_WORK TO BE COMPLETED_
From the material below, return exactly the lines starting at the one that holds "Hand Painting Blue" and ending at the one that holds "TeamFar Kitchen Utensils, 4". Pictures stay out of the answer.

_DATA SHOWN_
====================

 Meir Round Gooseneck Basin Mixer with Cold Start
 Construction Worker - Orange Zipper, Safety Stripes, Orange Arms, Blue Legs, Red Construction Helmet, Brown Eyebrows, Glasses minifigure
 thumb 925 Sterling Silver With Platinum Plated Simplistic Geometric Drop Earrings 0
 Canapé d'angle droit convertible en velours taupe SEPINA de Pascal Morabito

====================

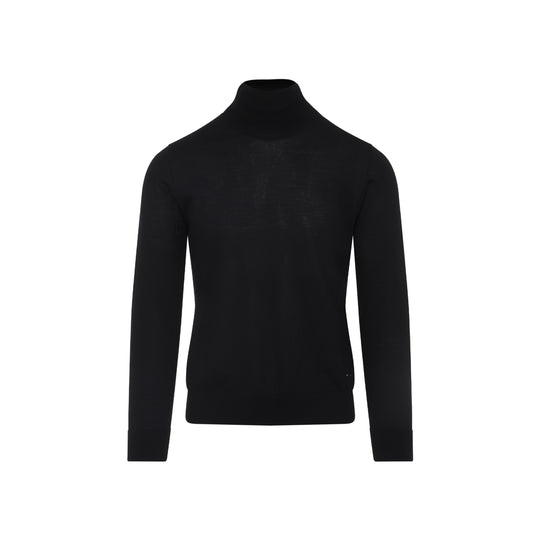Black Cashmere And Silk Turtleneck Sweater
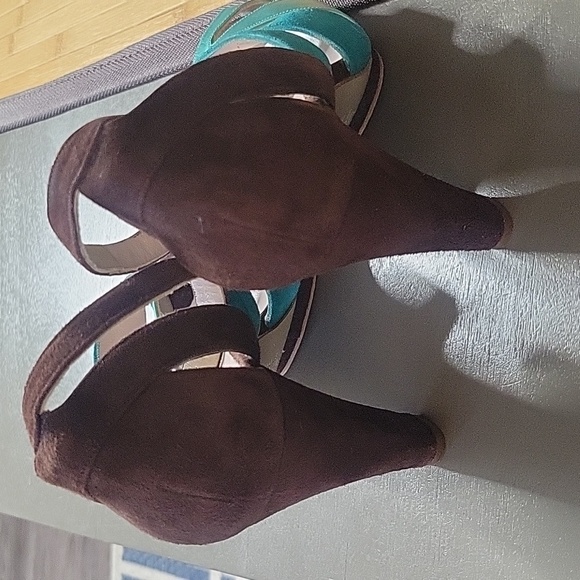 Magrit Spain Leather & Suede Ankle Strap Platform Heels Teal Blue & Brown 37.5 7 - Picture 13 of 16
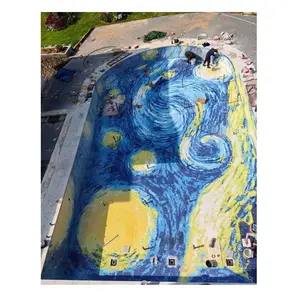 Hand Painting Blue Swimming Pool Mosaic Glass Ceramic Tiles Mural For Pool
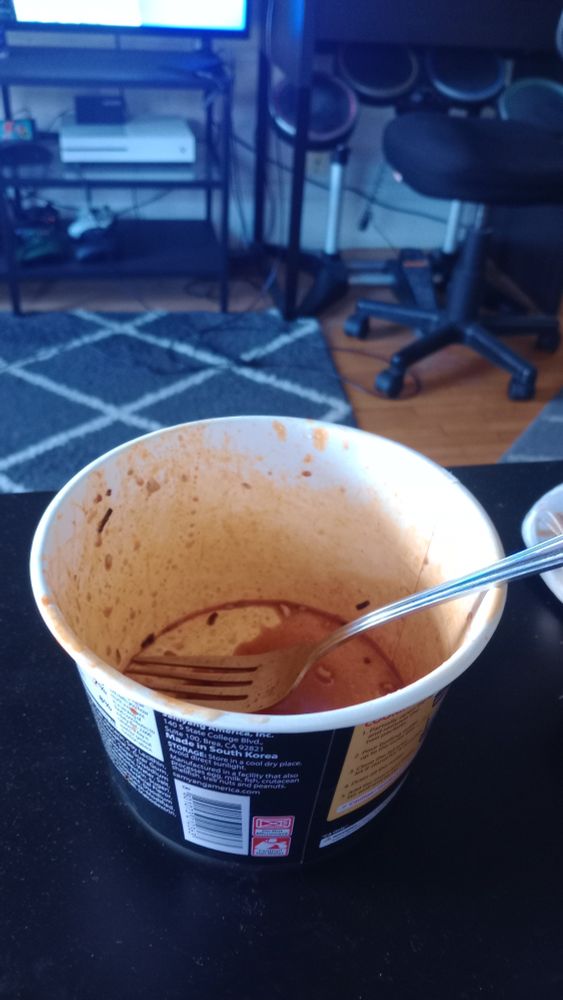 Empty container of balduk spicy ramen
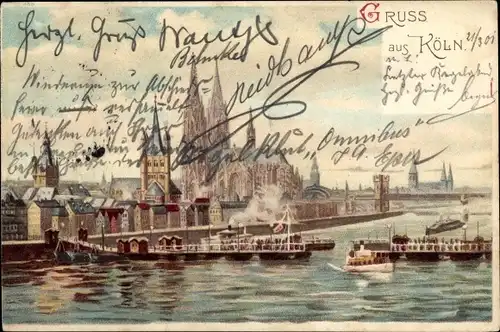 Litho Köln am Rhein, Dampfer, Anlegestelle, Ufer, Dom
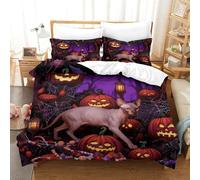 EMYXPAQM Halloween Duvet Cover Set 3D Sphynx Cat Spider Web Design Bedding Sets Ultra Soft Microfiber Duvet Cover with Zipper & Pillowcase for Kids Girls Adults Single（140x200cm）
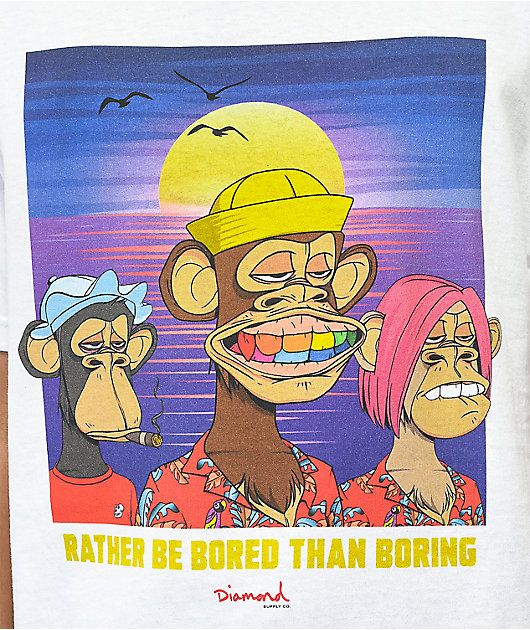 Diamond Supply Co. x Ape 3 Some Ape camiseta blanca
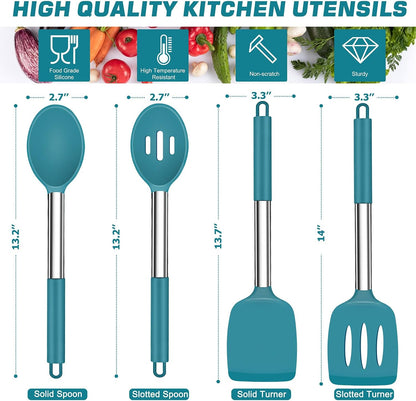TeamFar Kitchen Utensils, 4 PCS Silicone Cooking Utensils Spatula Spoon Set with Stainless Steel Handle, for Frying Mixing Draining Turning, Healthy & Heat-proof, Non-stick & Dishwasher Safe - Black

====================

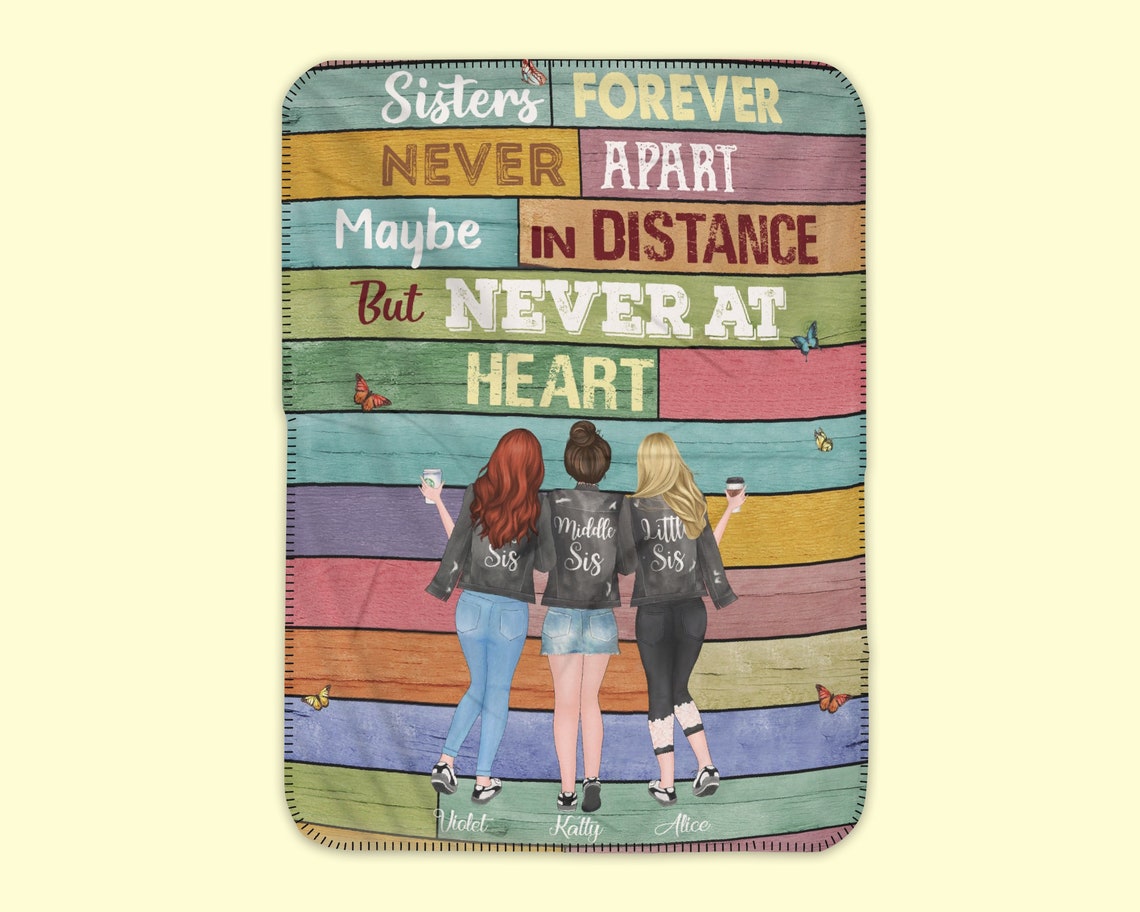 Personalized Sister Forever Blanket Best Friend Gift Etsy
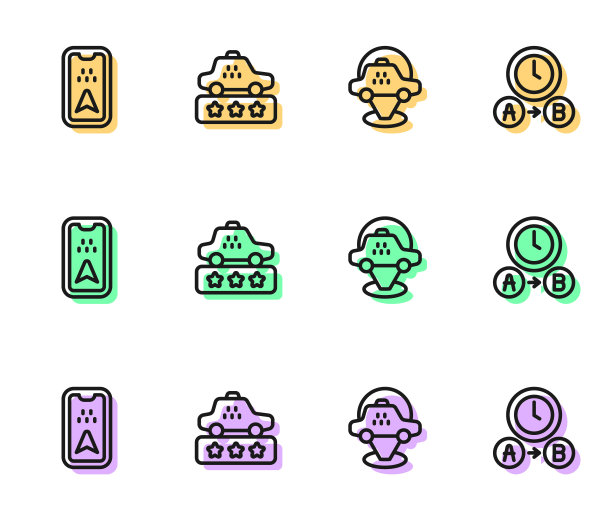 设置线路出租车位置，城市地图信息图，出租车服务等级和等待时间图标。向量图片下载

====================

_SOLUTION TO THE PROBLEM_
 Hand Painting Blue Swimming Pool Mosaic Glass Ceramic Tiles Mural For Pool
 Empty container of balduk spicy ramen
 Litho Köln am Rhein, Dampfer, Anlegestelle, Ufer, Dom
 EMYXPAQM Halloween Duvet Cover Set 3D Sphynx Cat Spider Web Design Bedding Sets Ultra Soft Microfiber Duvet Cover with Zipper & Pillowcase for Kids Girls Adults Single（140x200cm）
 Diamond Supply Co. x Ape 3 Some Ape camiseta blanca
TeamFar Kitchen Utensils, 4 PCS Silicone Cooking Utensils Spatula Spoon Set with Stainless Steel Handle, for Frying Mixing Draining Turning, Healthy & Heat-proof, Non-stick & Dishwasher Safe - Black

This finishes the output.